Ras Al Khaimah has always been less reliant on the energy industry than some other Emirates thanks to its well-established industrial and trade sectors—it is home to the world’s largest ceramics factory and more than 13,000 international firms in its free trade zones. Still, the Emirate has proven oil reserves of more than 500 million barrels, fourth among the UAE. Elsewhere, state-owned RAK Gas, the Emirate’s primary hydrocarbons firm, has taken aggressive actions to increase production from new fields to ensure that domestic gas supply continues to support the Emirate’s industry.
The UAE’s oil production fell during 2017 as a result of OPEC’s agreement to cut production to counteract global oversupply and put upward pressure on prices. Production decreased by 36 million barrels in 2017, and early reports indicated that this trend would continue in 2018; February 2018 saw the UAE’s oil production fall to 50,000bpd below its OPEC target. January 2018 saw the price of oil rise above USD70 a barrel for the first time since prices began to drop in 2014. A December 2017 agreement between oil producers to extend the production cuts, originally expected to end in March 2018, through the end of the year should help further strengthen the sector, though there are still long-term questions about how the industry will respond to new supply from the US market. Ras Al Khaimah, unlike other Emirates, has traditionally had little reliance on oil due to its lack of reserves. State-owned RAK Gas was in charge of extracting natural gas from Ras Al Khaimah’s only offshore field but has shifted priorities to exploration as the Emirate’s oil and gas reserves have dwindled within. At present, the company sources gas from fields in Oman, Umm Al Quwain, and the Dolphin project in Qatar. Its processing plant in Khor Khwair in Ras Al Khaimah treats raw gas from the Omani and Umm Al Quwain fields and delivers LPG to customers across the Emirates.

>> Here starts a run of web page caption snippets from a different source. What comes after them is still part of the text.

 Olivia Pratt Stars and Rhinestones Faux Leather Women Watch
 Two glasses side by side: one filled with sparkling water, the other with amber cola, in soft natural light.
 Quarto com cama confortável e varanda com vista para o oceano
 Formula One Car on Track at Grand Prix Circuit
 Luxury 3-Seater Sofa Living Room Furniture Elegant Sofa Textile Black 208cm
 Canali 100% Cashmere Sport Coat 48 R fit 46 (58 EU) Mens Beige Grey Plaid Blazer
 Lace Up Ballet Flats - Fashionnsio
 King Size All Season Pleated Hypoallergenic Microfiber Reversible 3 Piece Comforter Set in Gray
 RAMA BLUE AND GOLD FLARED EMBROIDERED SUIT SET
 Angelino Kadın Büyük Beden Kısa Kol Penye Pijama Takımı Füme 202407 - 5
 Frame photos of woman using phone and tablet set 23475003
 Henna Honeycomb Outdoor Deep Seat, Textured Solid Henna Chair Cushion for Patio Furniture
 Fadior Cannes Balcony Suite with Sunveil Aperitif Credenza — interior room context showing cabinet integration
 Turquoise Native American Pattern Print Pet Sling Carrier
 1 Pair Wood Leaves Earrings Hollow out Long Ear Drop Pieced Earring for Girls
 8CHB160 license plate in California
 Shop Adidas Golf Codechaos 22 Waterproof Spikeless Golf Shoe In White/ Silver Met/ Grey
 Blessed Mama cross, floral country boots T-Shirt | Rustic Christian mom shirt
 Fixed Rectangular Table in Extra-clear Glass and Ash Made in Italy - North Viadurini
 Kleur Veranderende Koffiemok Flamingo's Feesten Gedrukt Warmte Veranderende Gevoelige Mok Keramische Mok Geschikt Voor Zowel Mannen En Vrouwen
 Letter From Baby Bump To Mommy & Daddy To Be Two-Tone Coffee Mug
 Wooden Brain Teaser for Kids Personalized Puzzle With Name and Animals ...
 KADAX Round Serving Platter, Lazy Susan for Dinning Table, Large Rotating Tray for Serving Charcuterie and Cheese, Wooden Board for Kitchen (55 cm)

The UAE’s Federal Electricity and Water Authority (FEWA) is the organization in charge of supplying most water and electricity to the Northern Emirates. While private firms can operate their own plans, FEWA oversees all generation activity and manages the distribution networks through which the Northern Emirates get their water and power. Although Ras Al Khaimah’s electrical and water supply infrastructure is largely adequate and well-established, FEWA has started to show the strain of increased demand from both the tourism and industrial sectors. In response, the utilities agency has rolled out a set of new plans for major electricity and water projects.
In mid-2017 FEWA announced that it would increase the capacity of Ras Al Khaimah’s Ghalila water treatment plant from 15 million gallons per day to 45 million gallons per day and build two new seawater desalination plants in Umm Al Quwain that will each produce 45 million gallons of water a day. Desalination is the primary source of potable water in the UAE, and rising commercial activity has placed new demands on the UAE’s water infrastructure. In response, FEWA is looking to technological solutions to increase production and reduce waste. Part of its water network upgrades launched in 2017 included ordering and beginning to install more than 30,000 smart water meters capable of transmitting more information about usage and identifying cases of leakage and tampering faster than previous meters. If FEWA’s desalination plants are as effective as expected, the utility will look into exporting water.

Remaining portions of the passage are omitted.